(Recorded data)
· · · · · · ·

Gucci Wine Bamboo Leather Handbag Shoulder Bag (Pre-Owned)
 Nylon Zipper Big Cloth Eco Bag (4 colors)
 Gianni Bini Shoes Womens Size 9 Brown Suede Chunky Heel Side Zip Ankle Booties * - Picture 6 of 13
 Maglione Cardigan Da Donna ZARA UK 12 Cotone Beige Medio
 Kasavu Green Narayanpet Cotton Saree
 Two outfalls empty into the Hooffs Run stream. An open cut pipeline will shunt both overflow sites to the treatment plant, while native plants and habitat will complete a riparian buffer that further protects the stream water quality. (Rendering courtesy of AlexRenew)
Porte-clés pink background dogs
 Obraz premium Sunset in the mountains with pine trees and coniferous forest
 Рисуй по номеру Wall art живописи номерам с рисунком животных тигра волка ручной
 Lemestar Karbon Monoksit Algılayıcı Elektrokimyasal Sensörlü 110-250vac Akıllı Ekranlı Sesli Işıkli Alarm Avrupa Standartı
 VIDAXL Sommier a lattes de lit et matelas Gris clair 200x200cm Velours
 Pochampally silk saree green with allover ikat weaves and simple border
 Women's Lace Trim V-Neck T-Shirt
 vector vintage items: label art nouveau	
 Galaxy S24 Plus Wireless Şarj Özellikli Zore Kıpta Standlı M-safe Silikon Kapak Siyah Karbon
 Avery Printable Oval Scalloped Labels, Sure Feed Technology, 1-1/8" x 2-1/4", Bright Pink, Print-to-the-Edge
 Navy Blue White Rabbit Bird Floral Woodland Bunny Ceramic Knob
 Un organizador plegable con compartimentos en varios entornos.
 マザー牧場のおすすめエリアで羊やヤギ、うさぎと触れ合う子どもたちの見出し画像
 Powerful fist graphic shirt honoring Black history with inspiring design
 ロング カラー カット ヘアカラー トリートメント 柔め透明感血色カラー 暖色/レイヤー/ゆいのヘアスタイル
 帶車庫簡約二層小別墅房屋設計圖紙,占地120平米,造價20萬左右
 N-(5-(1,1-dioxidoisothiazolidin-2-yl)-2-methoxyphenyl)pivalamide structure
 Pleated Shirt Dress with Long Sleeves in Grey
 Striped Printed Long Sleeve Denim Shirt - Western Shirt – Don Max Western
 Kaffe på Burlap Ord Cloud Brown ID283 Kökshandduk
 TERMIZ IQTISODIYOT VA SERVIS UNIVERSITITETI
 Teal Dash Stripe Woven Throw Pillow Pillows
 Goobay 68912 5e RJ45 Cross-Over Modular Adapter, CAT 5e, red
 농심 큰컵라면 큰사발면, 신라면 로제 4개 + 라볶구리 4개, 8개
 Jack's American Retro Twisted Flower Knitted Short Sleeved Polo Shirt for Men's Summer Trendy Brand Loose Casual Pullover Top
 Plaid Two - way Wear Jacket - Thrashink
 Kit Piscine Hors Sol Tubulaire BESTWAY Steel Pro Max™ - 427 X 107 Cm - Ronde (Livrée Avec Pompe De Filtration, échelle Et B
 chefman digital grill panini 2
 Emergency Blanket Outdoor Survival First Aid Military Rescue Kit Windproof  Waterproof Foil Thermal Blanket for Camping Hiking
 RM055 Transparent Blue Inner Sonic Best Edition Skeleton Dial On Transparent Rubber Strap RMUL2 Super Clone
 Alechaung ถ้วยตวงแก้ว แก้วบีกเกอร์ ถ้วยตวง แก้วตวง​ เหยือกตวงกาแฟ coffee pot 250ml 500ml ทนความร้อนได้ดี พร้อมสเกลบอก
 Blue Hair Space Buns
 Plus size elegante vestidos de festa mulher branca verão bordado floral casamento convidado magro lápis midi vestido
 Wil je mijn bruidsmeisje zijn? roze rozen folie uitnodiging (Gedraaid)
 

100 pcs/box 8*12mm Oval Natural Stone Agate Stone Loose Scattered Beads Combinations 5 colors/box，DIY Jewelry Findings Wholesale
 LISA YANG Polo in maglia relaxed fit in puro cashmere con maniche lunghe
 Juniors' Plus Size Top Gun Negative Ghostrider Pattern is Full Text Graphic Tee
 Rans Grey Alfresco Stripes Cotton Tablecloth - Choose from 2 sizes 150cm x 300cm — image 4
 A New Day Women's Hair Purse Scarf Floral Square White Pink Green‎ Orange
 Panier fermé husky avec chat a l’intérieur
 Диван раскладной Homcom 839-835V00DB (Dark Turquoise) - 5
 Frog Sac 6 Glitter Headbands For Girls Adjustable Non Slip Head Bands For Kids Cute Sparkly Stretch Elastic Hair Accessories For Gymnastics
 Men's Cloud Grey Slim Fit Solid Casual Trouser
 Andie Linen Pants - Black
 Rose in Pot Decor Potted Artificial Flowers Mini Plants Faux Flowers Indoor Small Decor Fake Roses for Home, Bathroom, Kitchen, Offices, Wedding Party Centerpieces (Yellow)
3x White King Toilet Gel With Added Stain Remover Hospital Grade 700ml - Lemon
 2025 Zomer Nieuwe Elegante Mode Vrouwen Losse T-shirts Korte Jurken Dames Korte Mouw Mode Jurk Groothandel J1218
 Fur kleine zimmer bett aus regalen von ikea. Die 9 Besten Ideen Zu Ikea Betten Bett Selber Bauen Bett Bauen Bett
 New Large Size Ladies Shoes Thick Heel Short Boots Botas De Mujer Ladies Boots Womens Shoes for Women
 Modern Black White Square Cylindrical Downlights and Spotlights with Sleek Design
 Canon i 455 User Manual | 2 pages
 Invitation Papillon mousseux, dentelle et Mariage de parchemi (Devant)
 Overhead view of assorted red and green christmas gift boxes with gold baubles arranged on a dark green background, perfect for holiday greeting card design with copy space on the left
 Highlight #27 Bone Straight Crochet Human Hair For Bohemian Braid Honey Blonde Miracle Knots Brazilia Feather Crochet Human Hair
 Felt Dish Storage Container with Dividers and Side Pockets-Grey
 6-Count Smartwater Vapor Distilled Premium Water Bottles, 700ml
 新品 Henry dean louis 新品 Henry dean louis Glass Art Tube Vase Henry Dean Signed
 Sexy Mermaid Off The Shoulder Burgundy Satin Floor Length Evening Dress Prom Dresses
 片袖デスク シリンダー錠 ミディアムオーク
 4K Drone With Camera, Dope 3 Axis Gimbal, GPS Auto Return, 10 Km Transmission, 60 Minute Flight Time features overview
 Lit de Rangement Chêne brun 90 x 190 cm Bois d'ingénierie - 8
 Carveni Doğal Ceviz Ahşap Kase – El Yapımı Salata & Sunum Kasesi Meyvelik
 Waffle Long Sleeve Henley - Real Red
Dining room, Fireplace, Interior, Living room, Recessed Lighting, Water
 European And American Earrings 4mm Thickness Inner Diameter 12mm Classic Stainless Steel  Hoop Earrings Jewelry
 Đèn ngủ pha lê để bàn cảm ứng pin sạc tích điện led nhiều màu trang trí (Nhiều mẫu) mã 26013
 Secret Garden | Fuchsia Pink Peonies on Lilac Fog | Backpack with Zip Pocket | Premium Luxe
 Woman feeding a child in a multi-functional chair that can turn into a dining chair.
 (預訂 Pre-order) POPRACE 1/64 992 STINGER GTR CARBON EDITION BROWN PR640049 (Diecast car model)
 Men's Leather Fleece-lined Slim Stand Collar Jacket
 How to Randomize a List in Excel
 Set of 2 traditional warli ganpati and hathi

· · · · · · ·

What needs to be done:
Would you output every entry exactly as it was written?

Written response:
Gucci Wine Bamboo Leather Handbag Shoulder Bag (Pre-Owned)
 Nylon Zipper Big Cloth Eco Bag (4 colors)
 Gianni Bini Shoes Womens Size 9 Brown Suede Chunky Heel Side Zip Ankle Booties * - Picture 6 of 13
 Maglione Cardigan Da Donna ZARA UK 12 Cotone Beige Medio
 Kasavu Green Narayanpet Cotton Saree
 Two outfalls empty into the Hooffs Run stream. An open cut pipeline will shunt both overflow sites to the treatment plant, while native plants and habitat will complete a riparian buffer that further protects the stream water quality. (Rendering courtesy of AlexRenew)
Porte-clés pink background dogs
 Obraz premium Sunset in the mountains with pine trees and coniferous forest
 Рисуй по номеру Wall art живописи номерам с рисунком животных тигра волка ручной
 Lemestar Karbon Monoksit Algılayıcı Elektrokimyasal Sensörlü 110-250vac Akıllı Ekranlı Sesli Işıkli Alarm Avrupa Standartı
 VIDAXL Sommier a lattes de lit et matelas Gris clair 200x200cm Velours
 Pochampally silk saree green with allover ikat weaves and simple border
 Women's Lace Trim V-Neck T-Shirt
 vector vintage items: label art nouveau	
 Galaxy S24 Plus Wireless Şarj Özellikli Zore Kıpta Standlı M-safe Silikon Kapak Siyah Karbon
 Avery Printable Oval Scalloped Labels, Sure Feed Technology, 1-1/8" x 2-1/4", Bright Pink, Print-to-the-Edge
 Navy Blue White Rabbit Bird Floral Woodland Bunny Ceramic Knob
 Un organizador plegable con compartimentos en varios entornos.
 マザー牧場のおすすめエリアで羊やヤギ、うさぎと触れ合う子どもたちの見出し画像
 Powerful fist graphic shirt honoring Black history with inspiring design
 ロング カラー カット ヘアカラー トリートメント 柔め透明感血色カラー 暖色/レイヤー/ゆいのヘアスタイル
 帶車庫簡約二層小別墅房屋設計圖紙,占地120平米,造價20萬左右
 N-(5-(1,1-dioxidoisothiazolidin-2-yl)-2-methoxyphenyl)pivalamide structure
 Pleated Shirt Dress with Long Sleeves in Grey
 Striped Printed Long Sleeve Denim Shirt - Western Shirt – Don Max Western
 Kaffe på Burlap Ord Cloud Brown ID283 Kökshandduk
 TERMIZ IQTISODIYOT VA SERVIS UNIVERSITITETI
 Teal Dash Stripe Woven Throw Pillow Pillows
 Goobay 68912 5e RJ45 Cross-Over Modular Adapter, CAT 5e, red
 농심 큰컵라면 큰사발면, 신라면 로제 4개 + 라볶구리 4개, 8개
 Jack's American Retro Twisted Flower Knitted Short Sleeved Polo Shirt for Men's Summer Trendy Brand Loose Casual Pullover Top
 Plaid Two - way Wear Jacket - Thrashink
 Kit Piscine Hors Sol Tubulaire BESTWAY Steel Pro Max™ - 427 X 107 Cm - Ronde (Livrée Avec Pompe De Filtration, échelle Et B
 chefman digital grill panini 2
 Emergency Blanket Outdoor Survival First Aid Military Rescue Kit Windproof  Waterproof Foil Thermal Blanket for Camping Hiking
 RM055 Transparent Blue Inner Sonic Best Edition Skeleton Dial On Transparent Rubber Strap RMUL2 Super Clone
 Alechaung ถ้วยตวงแก้ว แก้วบีกเกอร์ ถ้วยตวง แก้วตวง​ เหยือกตวงกาแฟ coffee pot 250ml 500ml ทนความร้อนได้ดี พร้อมสเกลบอก
 Blue Hair Space Buns
 Plus size elegante vestidos de festa mulher branca verão bordado floral casamento convidado magro lápis midi vestido
 Wil je mijn bruidsmeisje zijn? roze rozen folie uitnodiging (Gedraaid)
 

100 pcs/box 8*12mm Oval Natural Stone Agate Stone Loose Scattered Beads Combinations 5 colors/box，DIY Jewelry Findings Wholesale
 LISA YANG Polo in maglia relaxed fit in puro cashmere con maniche lunghe
 Juniors' Plus Size Top Gun Negative Ghostrider Pattern is Full Text Graphic Tee
 Rans Grey Alfresco Stripes Cotton Tablecloth - Choose from 2 sizes 150cm x 300cm — image 4
 A New Day Women's Hair Purse Scarf Floral Square White Pink Green‎ Orange
 Panier fermé husky avec chat a l’intérieur
 Диван раскладной Homcom 839-835V00DB (Dark Turquoise) - 5
 Frog Sac 6 Glitter Headbands For Girls Adjustable Non Slip Head Bands For Kids Cute Sparkly Stretch Elastic Hair Accessories For Gymnastics
 Men's Cloud Grey Slim Fit Solid Casual Trouser
 Andie Linen Pants - Black
 Rose in Pot Decor Potted Artificial Flowers Mini Plants Faux Flowers Indoor Small Decor Fake Roses for Home, Bathroom, Kitchen, Offices, Wedding Party Centerpieces (Yellow)
3x White King Toilet Gel With Added Stain Remover Hospital Grade 700ml - Lemon
 2025 Zomer Nieuwe Elegante Mode Vrouwen Losse T-shirts Korte Jurken Dames Korte Mouw Mode Jurk Groothandel J1218
 Fur kleine zimmer bett aus regalen von ikea. Die 9 Besten Ideen Zu Ikea Betten Bett Selber Bauen Bett Bauen Bett
 New Large Size Ladies Shoes Thick Heel Short Boots Botas De Mujer Ladies Boots Womens Shoes for Women
 Modern Black White Square Cylindrical Downlights and Spotlights with Sleek Design
 Canon i 455 User Manual | 2 pages
 Invitation Papillon mousseux, dentelle et Mariage de parchemi (Devant)
 Overhead view of assorted red and green christmas gift boxes with gold baubles arranged on a dark green background, perfect for holiday greeting card design with copy space on the left
 Highlight #27 Bone Straight Crochet Human Hair For Bohemian Braid Honey Blonde Miracle Knots Brazilia Feather Crochet Human Hair
 Felt Dish Storage Container with Dividers and Side Pockets-Grey
 6-Count Smartwater Vapor Distilled Premium Water Bottles, 700ml
 新品 Henry dean louis 新品 Henry dean louis Glass Art Tube Vase Henry Dean Signed
 Sexy Mermaid Off The Shoulder Burgundy Satin Floor Length Evening Dress Prom Dresses
 片袖デスク シリンダー錠 ミディアムオーク
 4K Drone With Camera, Dope 3 Axis Gimbal, GPS Auto Return, 10 Km Transmission, 60 Minute Flight Time features overview
 Lit de Rangement Chêne brun 90 x 190 cm Bois d'ingénierie - 8
 Carveni Doğal Ceviz Ahşap Kase – El Yapımı Salata & Sunum Kasesi Meyvelik
 Waffle Long Sleeve Henley - Real Red
Dining room, Fireplace, Interior, Living room, Recessed Lighting, Water
 European And American Earrings 4mm Thickness Inner Diameter 12mm Classic Stainless Steel  Hoop Earrings Jewelry
 Đèn ngủ pha lê để bàn cảm ứng pin sạc tích điện led nhiều màu trang trí (Nhiều mẫu) mã 26013
 Secret Garden | Fuchsia Pink Peonies on Lilac Fog | Backpack with Zip Pocket | Premium Luxe
 Woman feeding a child in a multi-functional chair that can turn into a dining chair.
 (預訂 Pre-order) POPRACE 1/64 992 STINGER GTR CARBON EDITION BROWN PR640049 (Diecast car model)
 Men's Leather Fleece-lined Slim Stand Collar Jacket
 How to Randomize a List in Excel
 Set of 2 traditional warli ganpati and hathi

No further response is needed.